Rising to the Challenge

by Ariella Gutin, Director of Camper Care

During the past week we have come together with friends and family, both near and far, to remember and celebrate the story of our exodus from Egypt. Whether your seder was in person or shared over zoom with family and friends, Pesach is a holiday where we come together and reflect on our history as a Jewish people. As part of our seder this year we have continued to reflect on the events of the past year and how in many ways they have made us more resilient as a people and as a greater community. 

This weekend, on the 7th day of Pesach we read the story of the splitting of the Red sea. Throughout the holiday we have retold the story of the exodus from Egypt. The story goes from being enslaved to Pharaoh, to watching the ten plagues, to then witnessing Moshe become a leader speaking up for the needs of the Jewish people. After that, the Israelits finally receive permission to leave and rush out ready to leave Egypt with freedom in their sights. But then Moshe and the Israelites are faced with their next challenge–they’ve hit a dead end and reached the raging waters of the Red Sea. Getting to the other side looks impossible. In just a few short minutes they have what feels like an impossible decision to make–Do they give up and resign themselves to capture by the rapidly approaching Egyptian army? Or do they display courage by jumping into the Red Sea to accomplish the impossible?

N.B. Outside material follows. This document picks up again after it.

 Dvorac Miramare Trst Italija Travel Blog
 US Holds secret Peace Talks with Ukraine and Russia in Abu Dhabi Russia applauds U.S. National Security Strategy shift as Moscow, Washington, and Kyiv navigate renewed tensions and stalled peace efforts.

The Jewish people were faced with a common challenge we face each day. When a task we want to accomplish looks impossible, we have two choices: we either give up or we at least try to do what we can. In these situations our anxieties and worries can get the best of us lowering our self-esteem and self-confidence. If the task seems  like too big a challenge we make ourselves believe it’s just better, and easier, for us to give up and walk away. But by doing that we miss out on some amazing experiences, like boogie boarding for the first time in the ocean or making it to the top of the climbing wall.

To grow and thrive, our chanichim (campers) need to learn how to trust in their own capabilities, while at the same time, understanding they can handle a situation even when they aren’t successful at something. It’s through experience, and learning how to bounce back from failure, that kids develop a healthy self-confidence. As adults we can model this through simple actions like modeling self-confidence, encouraging them to try new things even when it seems challenging, and teaching our chanichim that it is ok to make mistakes. 

As we prepare for the summer we look forward to our Chanichim having new experiences, new challenges and new opportunities.